The tune was “Eye Level”, played by the Simon Park Orchestra; it was a record that sold over a million copies and topped the British charts for four weeks, but I was not interested in its place in the charts, the tune for me meant the television detective series “Van der Valk”. TV police series were a passion in childhood days, the opening bars of the theme music of “Z Cars” still recall the devoted attention paid to each episode. “Van der Valk”, though, was different, it was set in Amsterdam: it had characters whose names were exotic; it had scenes from a city that made 1970s England look dull and drab; it had criminals altogether more sophisticated than those who appeared in “Z Cars”, “Softly, Softly” or “Dixon of Dock Green”.
Of course, “Van der Valk” was a British detective series set in Holland. Amsterdam created the possibility of story lines, particularly those involving international crime, that would have been less credible in an English city. Commisaris Piet van der Valk might have had a Dutch rank and name, but he was played by English actor Barry Foster. Whatever the realities, though, the programme was one to discuss with school friends the following day.
Almost twenty years after its first appearances, in 1972-73, “Van der Valk” enjoyed a revival in 1991-92, during which time Piet van der Valk had been joined in the Amsterdam police force by his son Wim. The viewing seemed as compelling as it had been two decades previously, though perhaps there was more than a tinge of sentimentality in watching a programme that had been so well known in more youthful days.

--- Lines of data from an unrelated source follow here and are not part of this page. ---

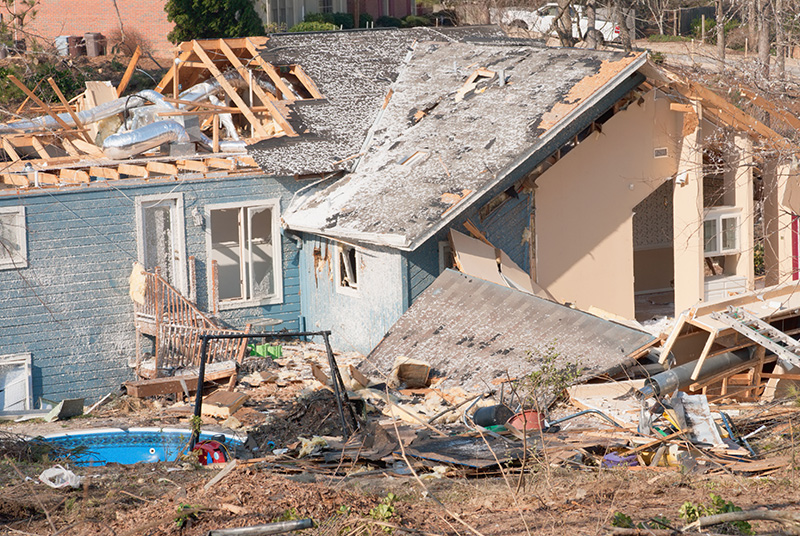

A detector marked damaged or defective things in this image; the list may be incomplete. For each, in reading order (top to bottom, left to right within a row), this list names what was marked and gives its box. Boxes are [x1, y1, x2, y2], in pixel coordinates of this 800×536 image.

splintered lumber [115, 45, 141, 97]
splintered lumber [192, 42, 270, 138]
broken window [0, 206, 27, 270]
broken window [138, 195, 188, 294]
broken window [209, 200, 282, 306]
broken window [334, 243, 360, 294]
damaged house [3, 26, 796, 410]
broken window [704, 207, 740, 258]
broken wall panel [366, 270, 652, 392]
broken window [0, 354, 31, 412]
splintered lumber [202, 390, 248, 418]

Two of us watched the 1990s “Van der Valk”, our son Michael had been born in 1990 and I would sit with him beside me as the stories unfolded. “Watch Commisaris van der Valk, Mikey, you can learn stuff from him”.
In January of this year, An Garda Síochána, the Irish police force, began recruitment of new officers for the first time since 2008. Mikey was one of 25,000 applicants; the first round test took him through to the last 5,000, in the second round test he reached the last six hundred applicants. On Wednesday of this week, he faces the third round of tests; the tension is far greater than that of any episode of “Van der Valk” – and there was probably not much to learn from a 1970s cop series that could be applicable to 21st Century policing.